* [Provided data]
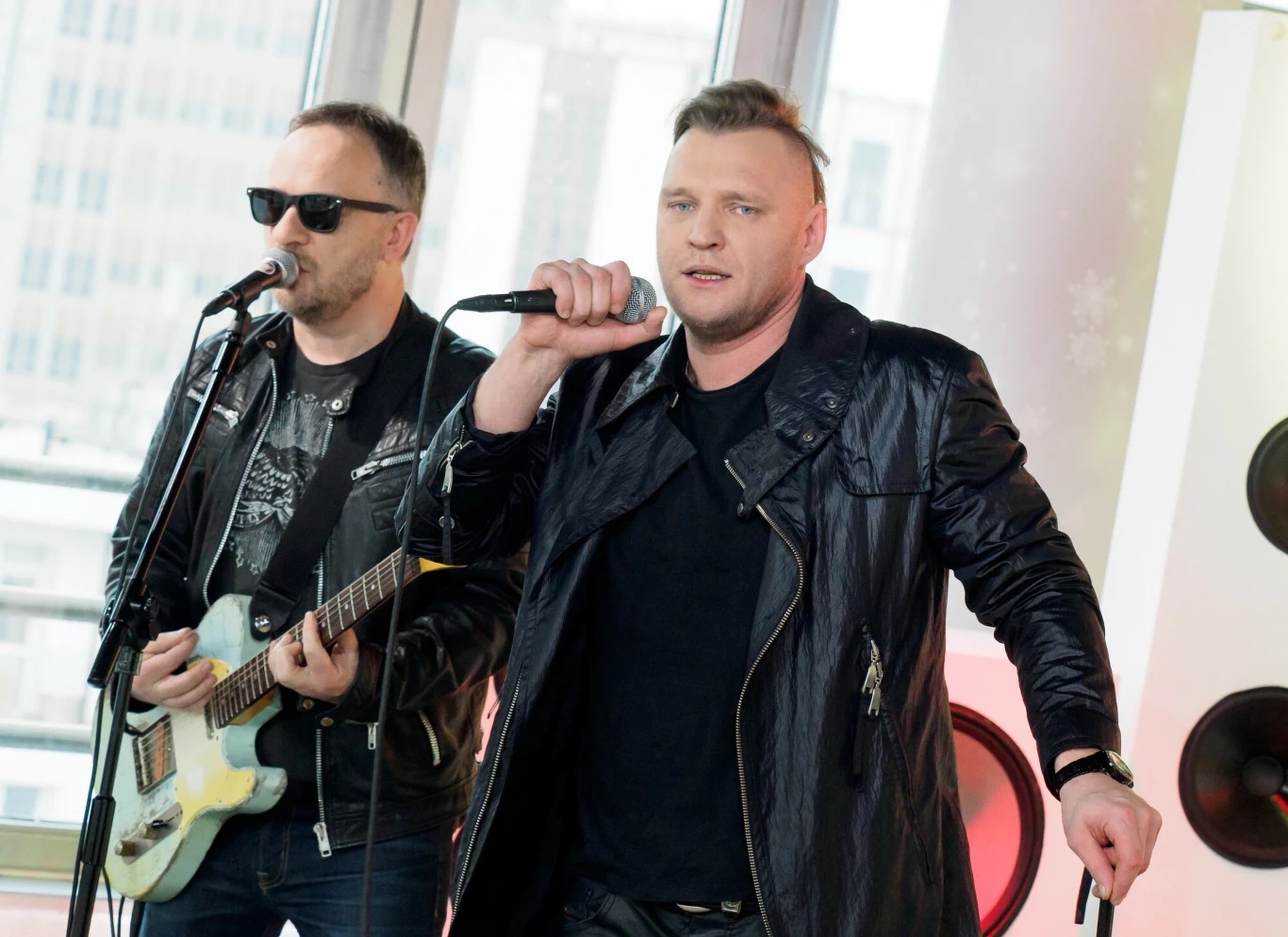 Dwóch mężczyzn ubranych na czarno występuje na scenie, jeden trzyma mikrofon i śpiewa, drugi gra na gitarze elektrycznej i śpiewa do mikrofonu, w tle widoczne duże okna i fragmenty sprzętu muzycznego.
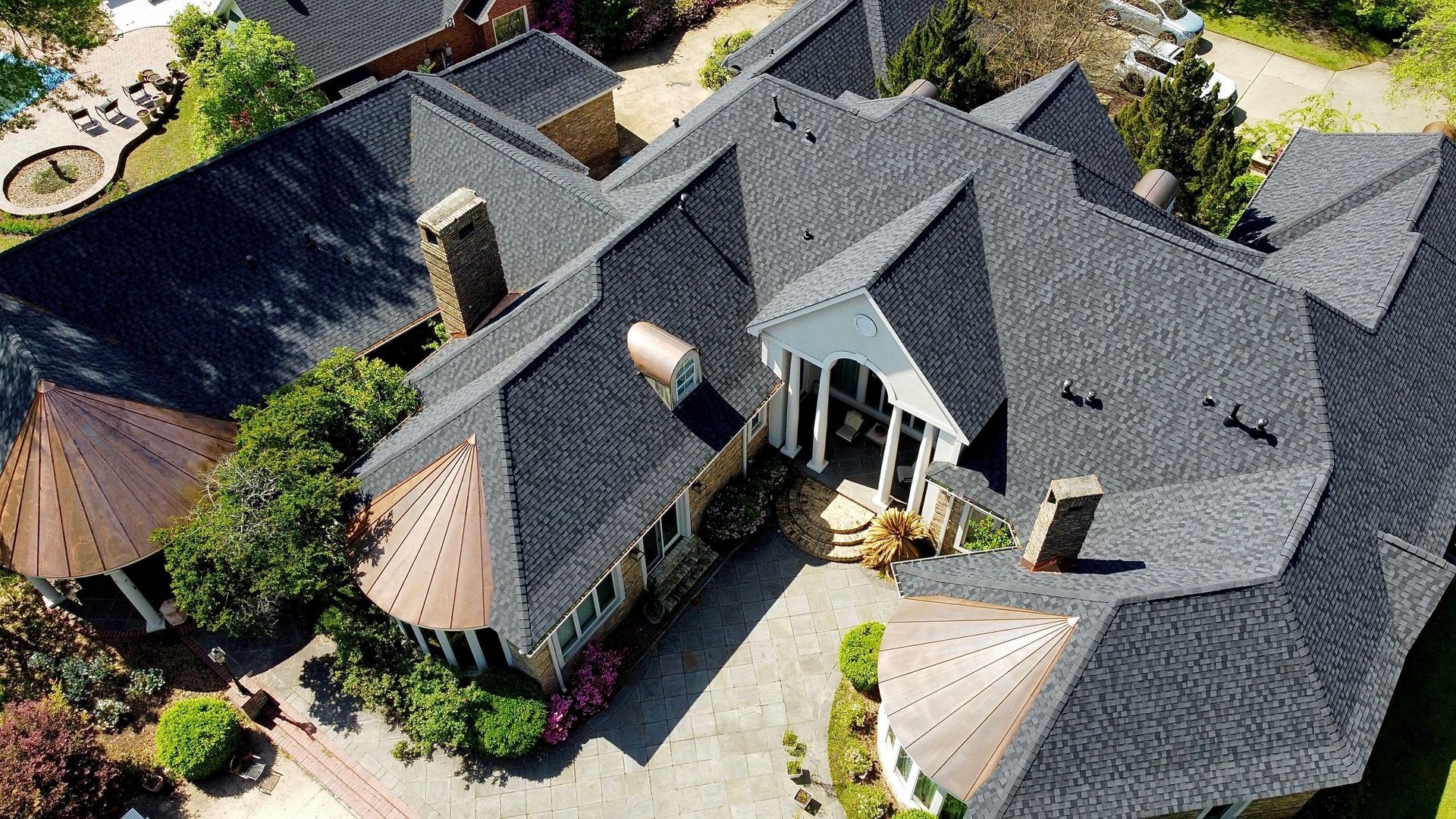 An aerial view of a large house with a black roof.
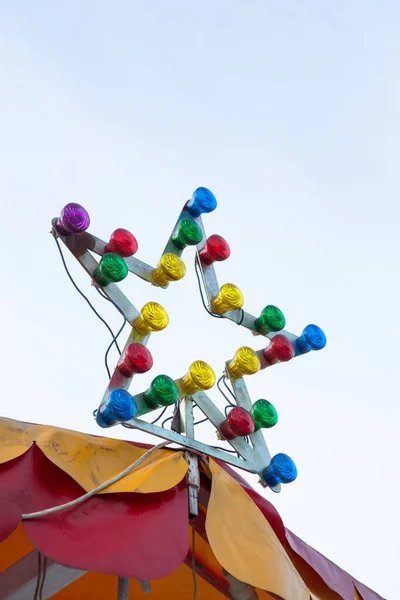 Lamp met veelkleurige gloeilampen. Stervormige verlichting aan de bovenkant van de draaimolen. Verlichtingsconcept — Stockfoto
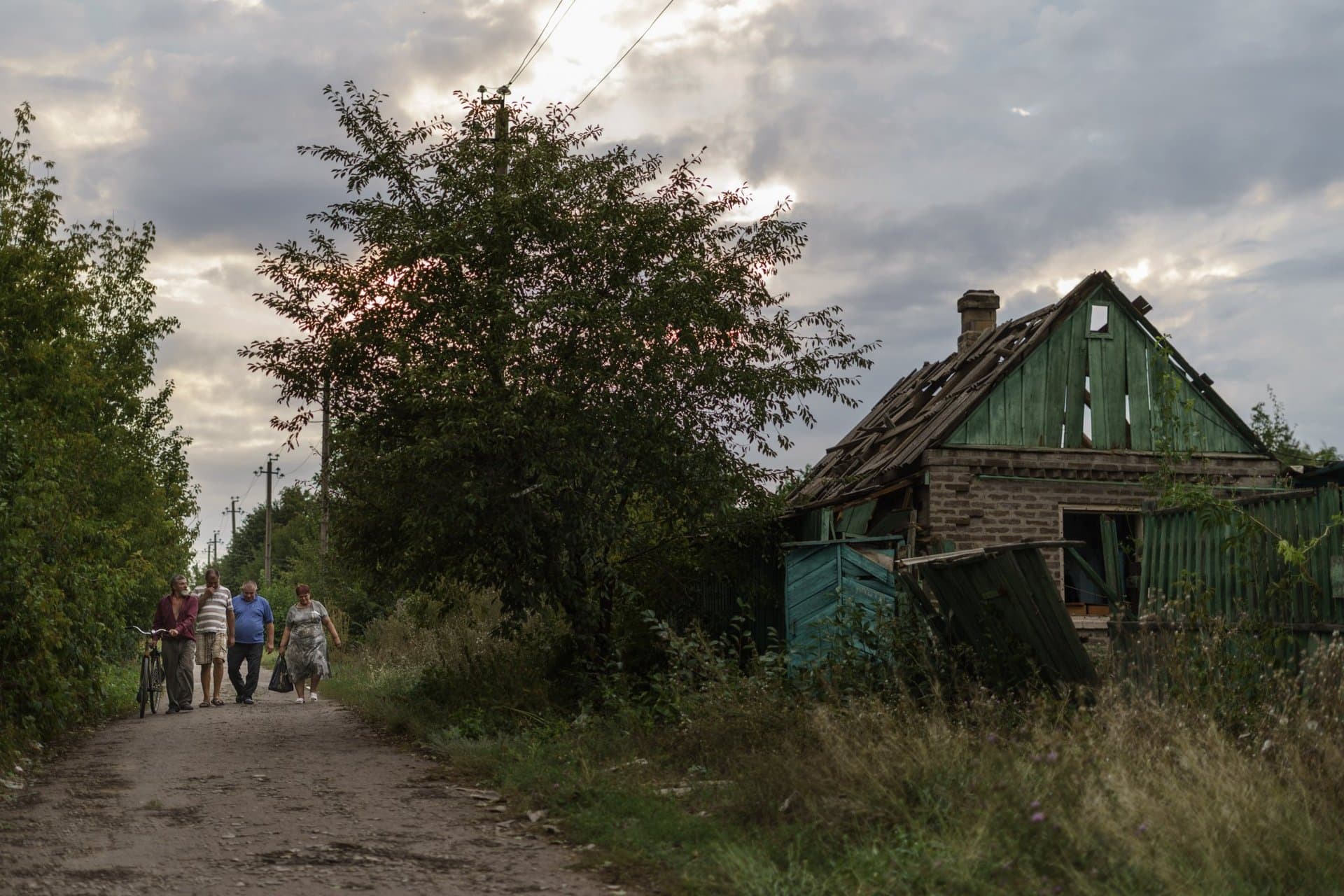 Residents walk down a road past a damaged home from a morning rocket attack in Kramatorsk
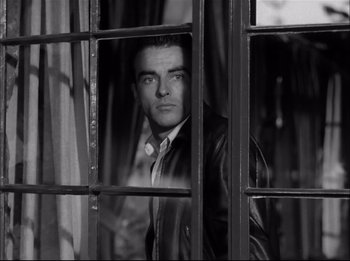 Movie still from “A Place in the Sun” (1951), directed by George Stevens – A black and white photo of a man looking out of a window; Medium shot, High angle
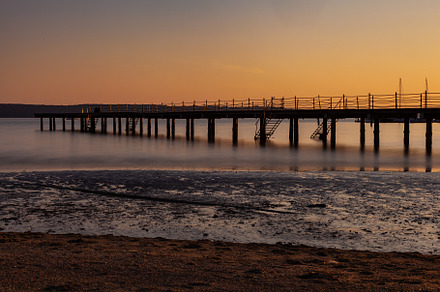 The pier at sundown. Wooded bridge seaside with Sunset, Strunjan, a Nature Photo by Bepslabor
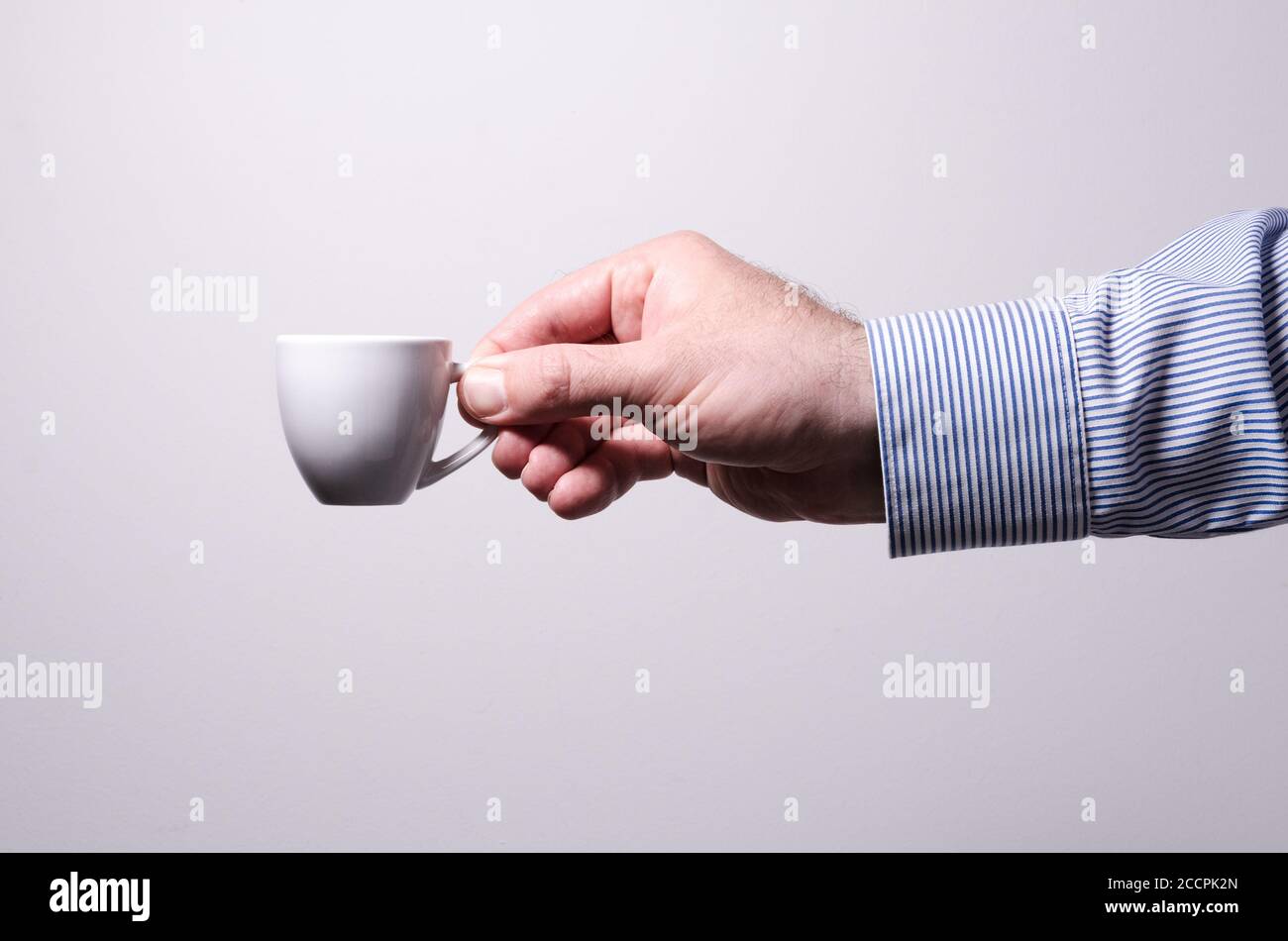 Male hand holding white cup with hot beverage, espresso coffee, against white background, indoors, studio Stock Photo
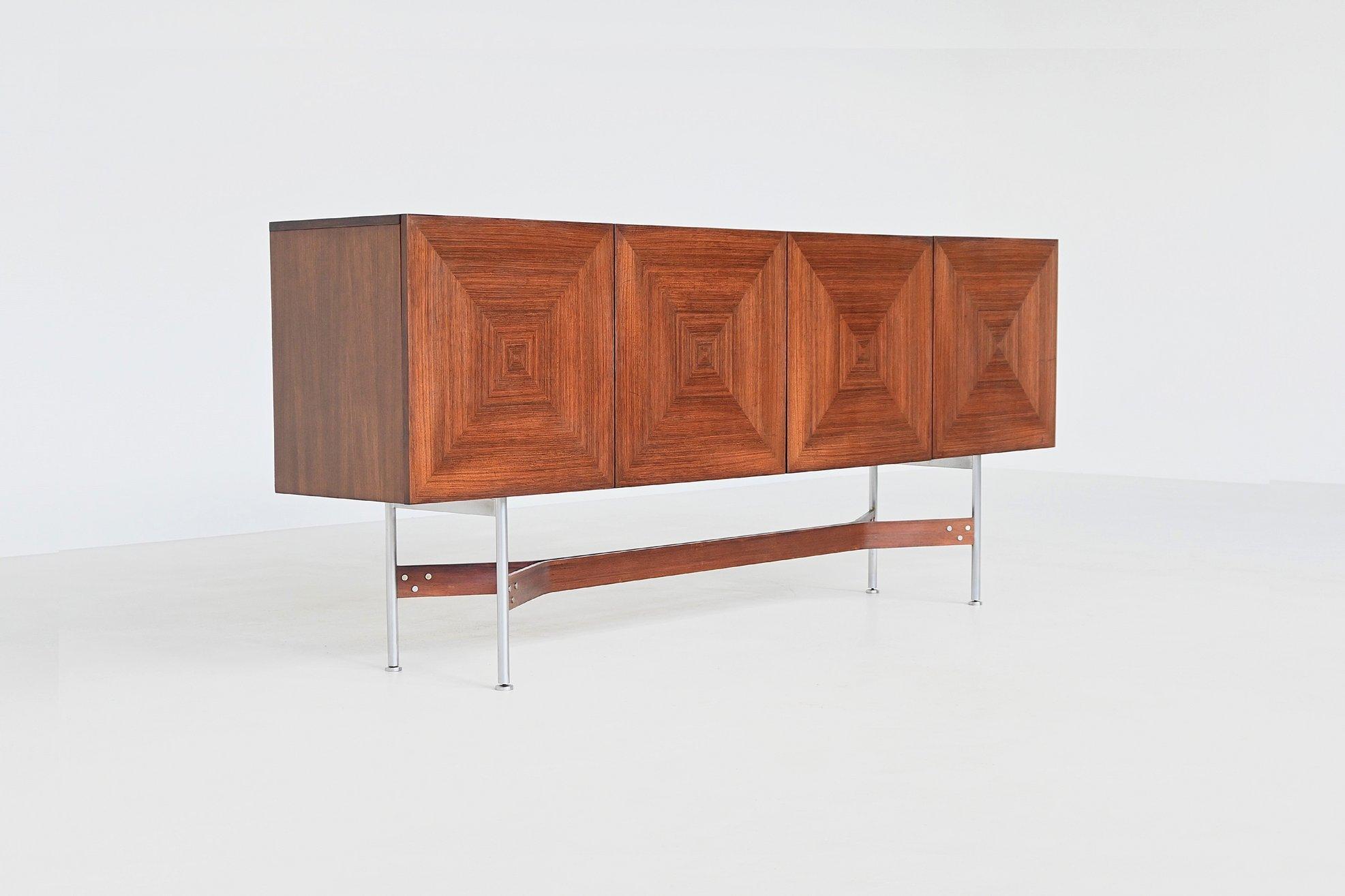 An exceptionally rare and visually striking sideboard designed by Rudolf Bernd Glatzel for Fristho Franeker, Netherlands, 1962. Model GLR-230 is a masterpiece of mid-century modern design, blending architectural precision with rich materiality.

The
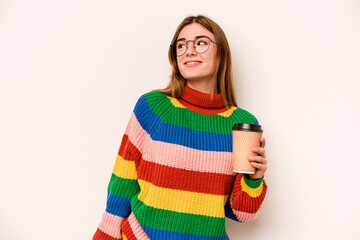 Young caucasian woman holding a take away coffee isolated on white background dreaming of achieving goals and purposes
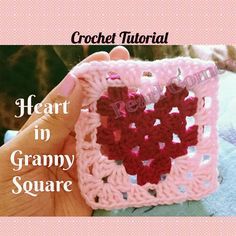 a crochet heart in granny square is being held by someone's hand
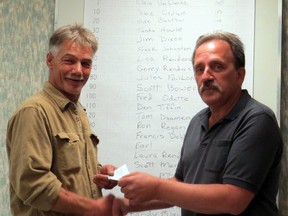 Submitted photo: Knights of Columbus member Francis Hermsen, right, presents the grand prize of $500 to Mike deBakker at The Knights of Columbus Stag 200 Steak BBQ held on April 17. The event is being hailed as a success with all 200 tickets sold and $400 dollars was raised for the Chatham-Kent Women's Centre. There were 26 cash prize winners.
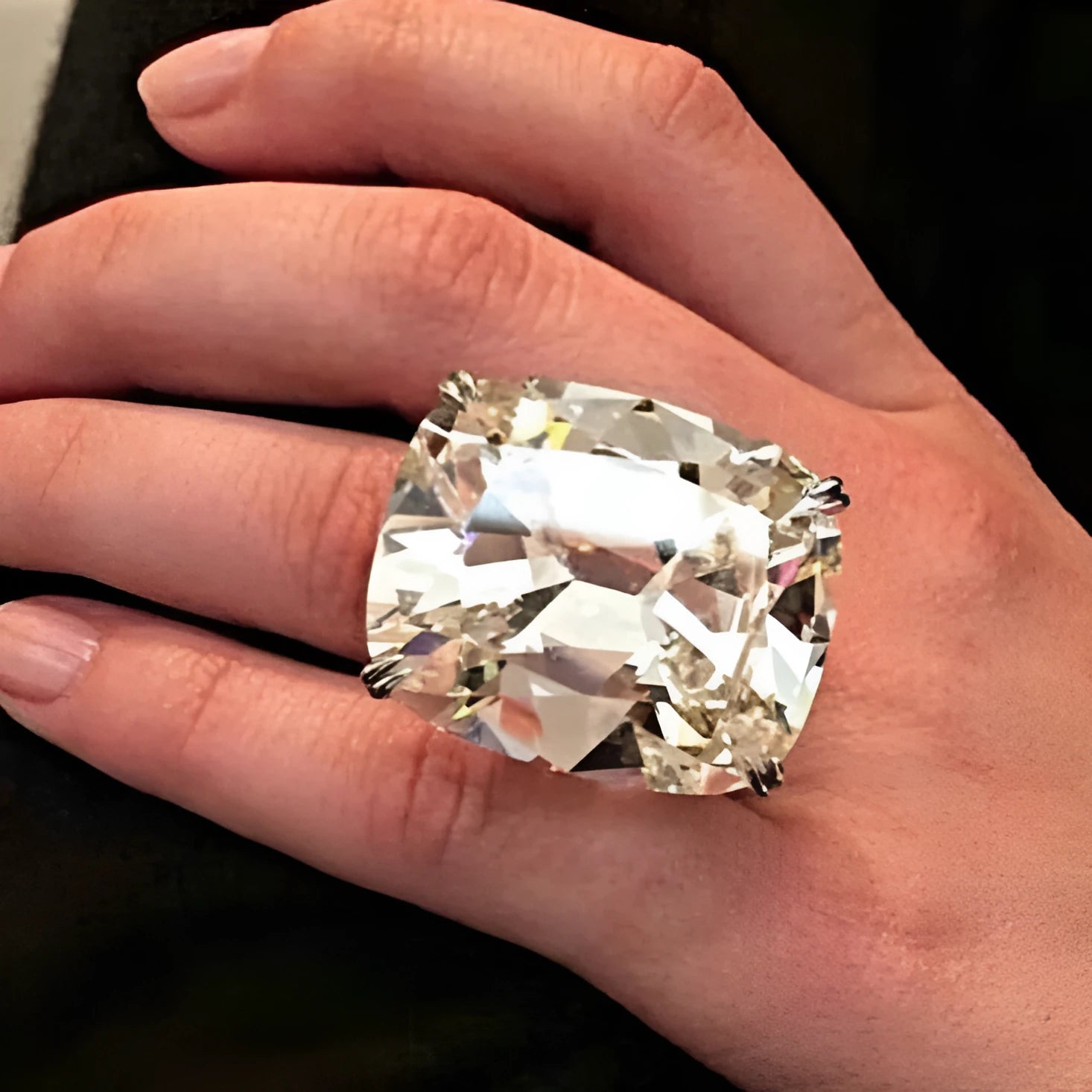 Women's white gold electroplated square diamond ring with geometric design on finger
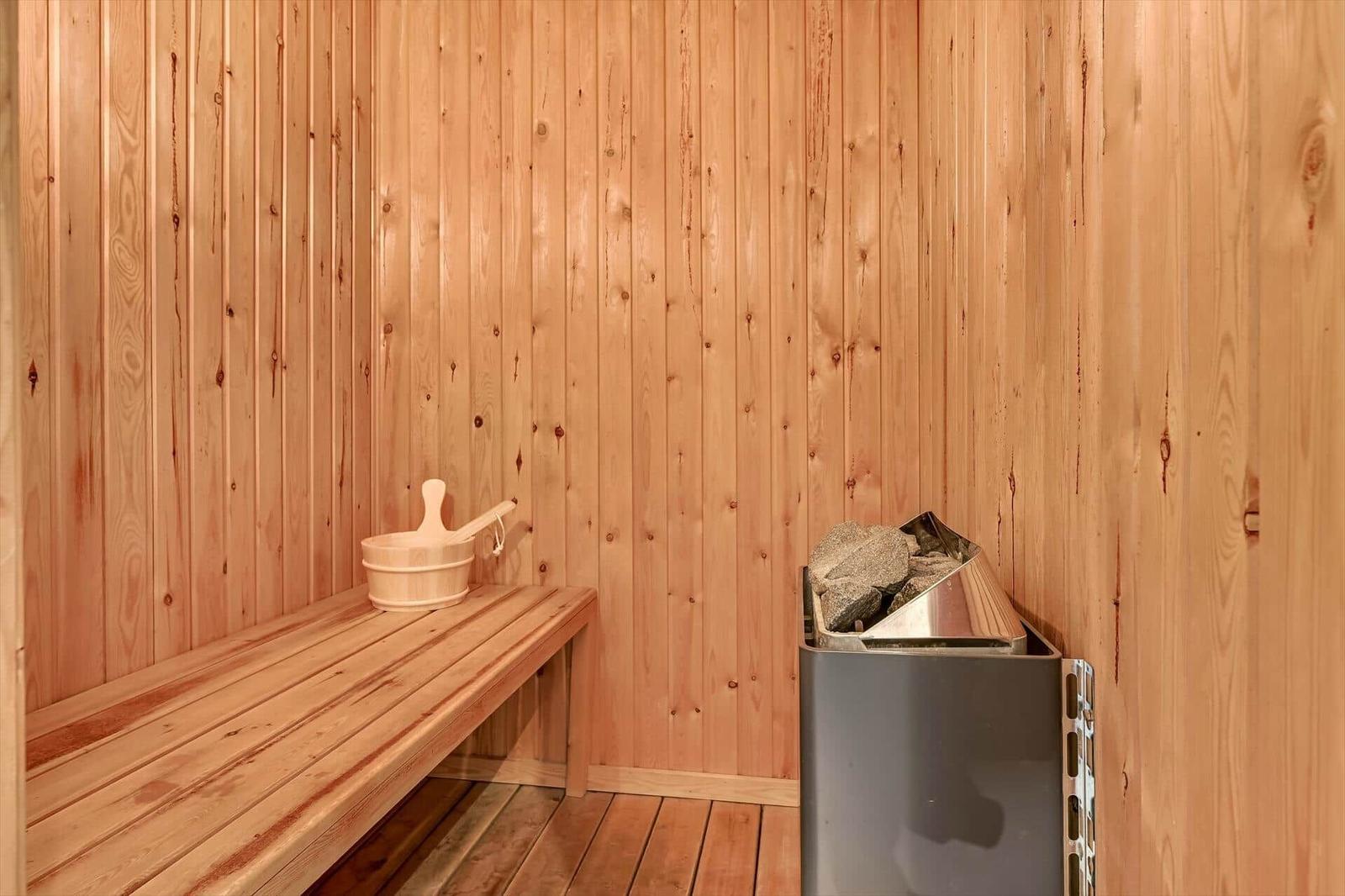 Sauna mit Holzwand, Sitzbank und Steinkiste.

* [Task to complete] Please output the lines above beginning at the line with "Movie still from" and ending after the line with "Submitted photo: Knights", precisely as written and with no pictures.

* [Answer below]
 Movie still from “A Place in the Sun” (1951), directed by George Stevens – A black and white photo of a man looking out of a window; Medium shot, High angle
 The pier at sundown. Wooded bridge seaside with Sunset, Strunjan, a Nature Photo by Bepslabor
 Male hand holding white cup with hot beverage, espresso coffee, against white background, indoors, studio Stock Photo
 An exceptionally rare and visually striking sideboard designed by Rudolf Bernd Glatzel for Fristho Franeker, Netherlands, 1962. Model GLR-230 is a masterpiece of mid-century modern design, blending architectural precision with rich materiality.

The
 Young caucasian woman holding a take away coffee isolated on white background dreaming of achieving goals and purposes
 a crochet heart in granny square is being held by someone's hand
 Submitted photo: Knights of Columbus member Francis Hermsen, right, presents the grand prize of $500 to Mike deBakker at The Knights of Columbus Stag 200 Steak BBQ held on April 17. The event is being hailed as a success with all 200 tickets sold and $400 dollars was raised for the Chatham-Kent Women's Centre. There were 26 cash prize winners.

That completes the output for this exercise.